THE SUN CAME OUT!!!!! We are on day 2 now of lovely weather. It's so amazing to look out the window and see light instead of grey drizzle. Yesterday Ethan and I went over to Seattle Center. There were tons of people out, sunbathing, playing in the fountain, walking around and smiling. I fully expected people to break out in song and dance. We all just grinned widely instead.
And, since I'm no longer nursing/pumping, I was able to remove the bookshelf-window barricade that I'd had to put up in my office, so now I have actual light coming through the window from the reception area as well as through my outside window. What a difference, to be able to see out again!

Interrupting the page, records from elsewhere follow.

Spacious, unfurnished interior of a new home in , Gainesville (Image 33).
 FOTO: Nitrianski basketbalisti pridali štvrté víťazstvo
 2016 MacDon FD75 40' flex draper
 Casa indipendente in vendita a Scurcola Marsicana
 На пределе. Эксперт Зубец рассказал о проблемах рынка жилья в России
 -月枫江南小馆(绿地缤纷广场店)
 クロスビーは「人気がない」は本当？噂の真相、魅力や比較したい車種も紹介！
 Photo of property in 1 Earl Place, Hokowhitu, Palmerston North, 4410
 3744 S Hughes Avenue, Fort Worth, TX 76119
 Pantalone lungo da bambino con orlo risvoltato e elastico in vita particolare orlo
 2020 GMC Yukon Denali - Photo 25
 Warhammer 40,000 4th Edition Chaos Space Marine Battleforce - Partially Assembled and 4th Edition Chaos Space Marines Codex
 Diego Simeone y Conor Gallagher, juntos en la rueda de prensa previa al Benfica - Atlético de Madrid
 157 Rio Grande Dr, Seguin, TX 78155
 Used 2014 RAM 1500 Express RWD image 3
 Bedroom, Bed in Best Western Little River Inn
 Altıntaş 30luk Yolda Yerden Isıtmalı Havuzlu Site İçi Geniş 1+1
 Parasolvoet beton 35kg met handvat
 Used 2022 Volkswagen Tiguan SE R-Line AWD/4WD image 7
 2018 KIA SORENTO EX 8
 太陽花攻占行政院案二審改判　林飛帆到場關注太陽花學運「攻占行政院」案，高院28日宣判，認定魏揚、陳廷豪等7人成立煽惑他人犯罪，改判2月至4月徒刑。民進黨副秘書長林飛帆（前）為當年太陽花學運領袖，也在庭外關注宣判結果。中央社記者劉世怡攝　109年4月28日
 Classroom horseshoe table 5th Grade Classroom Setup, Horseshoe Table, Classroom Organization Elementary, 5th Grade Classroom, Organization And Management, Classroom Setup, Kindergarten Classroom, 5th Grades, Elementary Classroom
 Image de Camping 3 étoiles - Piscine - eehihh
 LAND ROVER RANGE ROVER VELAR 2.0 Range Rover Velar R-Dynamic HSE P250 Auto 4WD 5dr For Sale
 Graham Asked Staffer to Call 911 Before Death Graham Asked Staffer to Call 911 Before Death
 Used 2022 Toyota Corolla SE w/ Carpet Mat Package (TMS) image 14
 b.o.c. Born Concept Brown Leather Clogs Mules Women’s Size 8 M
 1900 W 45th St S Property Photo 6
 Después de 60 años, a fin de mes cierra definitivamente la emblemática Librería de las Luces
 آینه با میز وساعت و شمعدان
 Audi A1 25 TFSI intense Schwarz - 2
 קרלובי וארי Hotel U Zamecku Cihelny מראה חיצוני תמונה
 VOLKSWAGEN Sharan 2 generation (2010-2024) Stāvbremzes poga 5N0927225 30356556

It's really weird to no longer be nursing at all though. I've been a pregnant or nursing mom for a long time, and it's strange to no longer fit in that category. And to not be sure if I'm ever going to be in either of those categories again. I really have no idea what we're going to do in the future. I'd still really like to adopt, but as Ethan grows up, Daniel's wanting a baby more and more. I'm not sure I could go through pregnancy again, but I'm also not sure if I can handle the emotions of adopting. This isn't really the time to worry about it though, so we're just going to keep praying and talking about our options and we'll decide later.
Yesterday was my church moms' group meeting- have I mentioned how much I love those women? It was a small group yesterday, and I was finally honest with them about how much I've been struggling lately. They were so encouraging and prayed with me and I feel so much better today. Prayer+ sunshine=a very good thing.